Handbags came back strong on great new products and values from Dooney & Bourke and growth in newer brands like Kipling and Lug. Electronics enjoyed strong growth and smart home and security assortments from Ring and Blink along with products from Amazon – Fitbit and HP. Hair care and jewelry continued to decline; however, the rate of decline slowed despite substantially reducing airtime in both categories. And in addition, our apparel, our accessories and our beauty businesses all achieved strong results.
We continue to lean into freshness and discovery across categories, introducing over 2,400 new items and 133 new brands in Q3, both significant increases from a year ago. Particularly strong introductions included Catherine Zeta-Jones' home line, Inspire Me! Home Decor, Charisma and home textiles, the Grace Kelly jewelry collection and several brands we brought in from our international markets, including Radley London handbags, The Real Pie Company and Charlie Bears decor.

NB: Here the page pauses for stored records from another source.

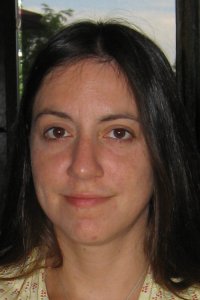 Sun Aquarius Moon Sagittarius Asc Sagittarius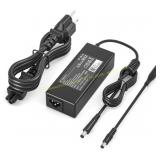 DONGNI 90W Desktop Charger for HP All-in-One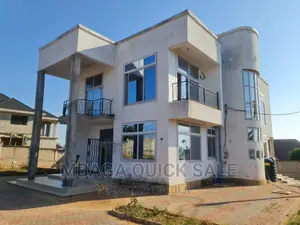 4bdrm House in Bunju Beach, Kinondoni for rent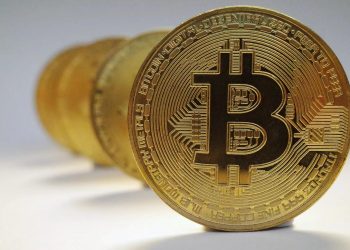 What does the term “Blockchain” Mean?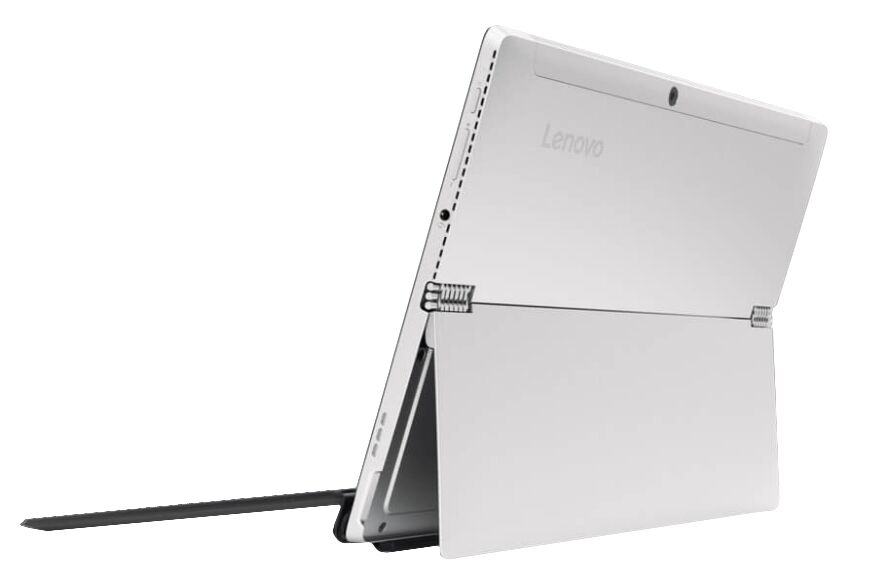 Lenovo IdeaPad Miix 510 80U1008KLM image gallery 9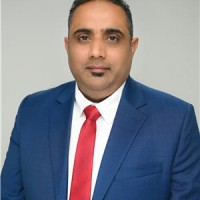 Gurpreet Grewal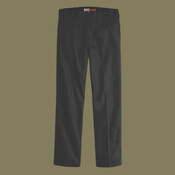 Men's Extended Sizes Industrial 874® Flex Work Pants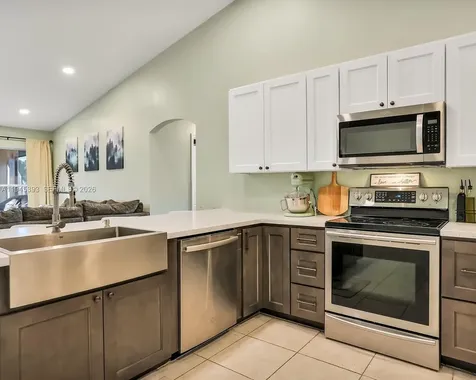 1225 SW Abisco Road Port St. Lucie FL 34953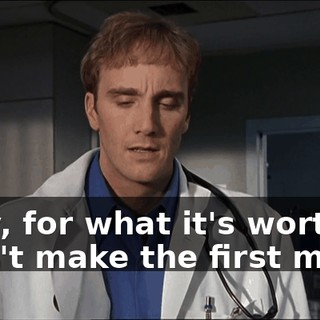 11dc9cda-a153-40c5-a3bd-71e8ee878045.gif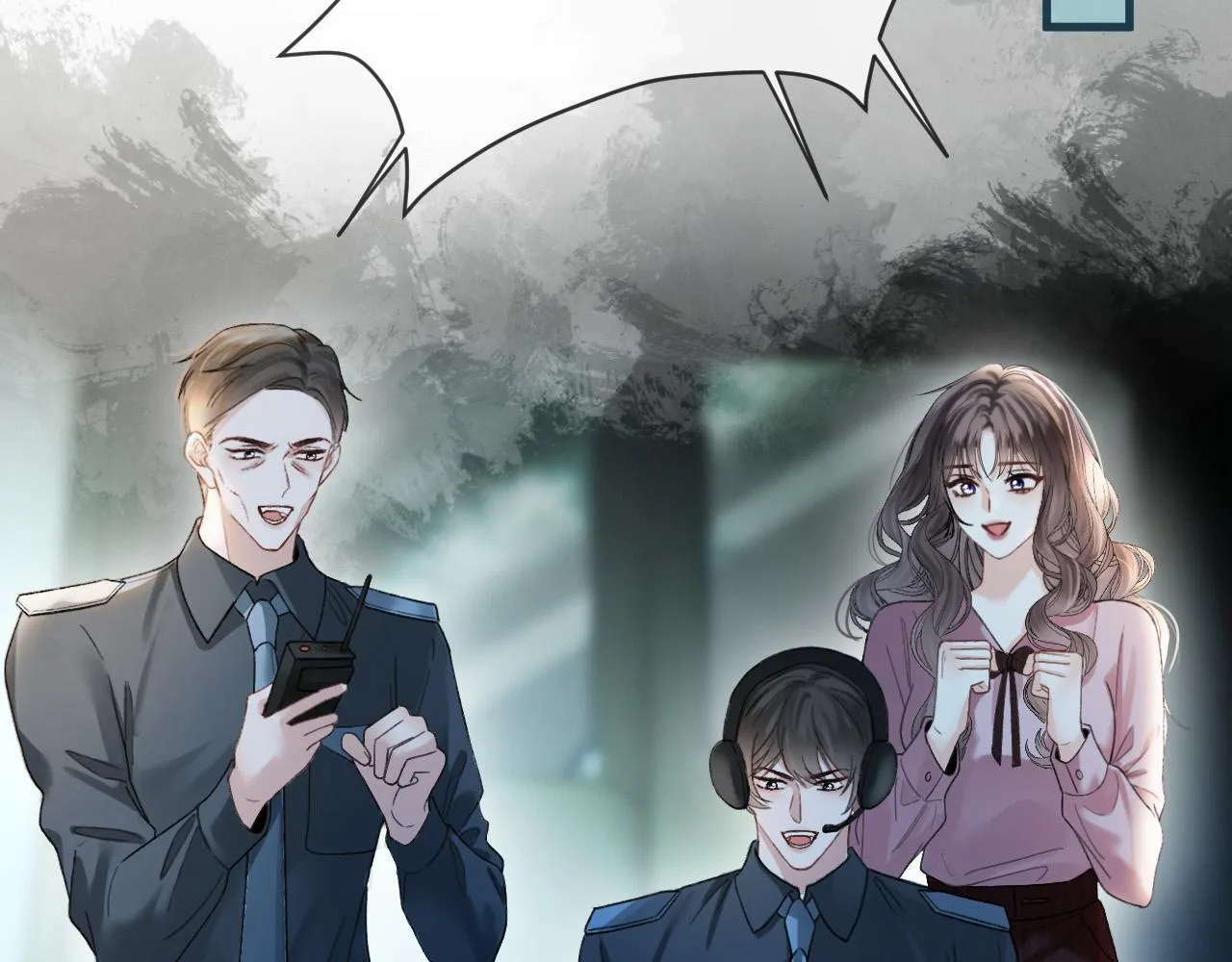 第64话 我们一起爆炸吧27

We're also extremely pleased with the introduction of Martha Stewart's signature collection. We launched with a cookbook in August, which quickly sold out. In September, her fashion collection had an outstanding debut, and her gardening tools delivered strong results as well, both with many sell-outs. In October, her holiday planning and gourmet food line debuted with strong demand. And this month, we'll introduce her new skincare line. This multi-category lifestyle launch is a perfect example of the combined power of great products that can't be found elsewhere, the compelling and highly credible personality like Martha and the platform we have to showcase both.
We're increasing consumers' engagement with our brand. For QVC and QVC2, total viewing minutes on broadcast TV platforms increased in the mid-single digits. This reinforces our belief that our targeted viewers are the least likely to engage in cord-cutting. And if they do cut the cord, they're likely to shift to free over-the-air viewing where we also have a strong presence.
And when we offer compelling products and inspiring programming, they tune in. Our Christmas in July programming and high-profile events related to Fashion Week and the Emmys generated strong viewership as did celebrity shows with Scott Brothers, Lisa Rinna, Marie Osmond, Martha Stewart, Catherine Zeta-Jones and Dale Earnhardt Jr.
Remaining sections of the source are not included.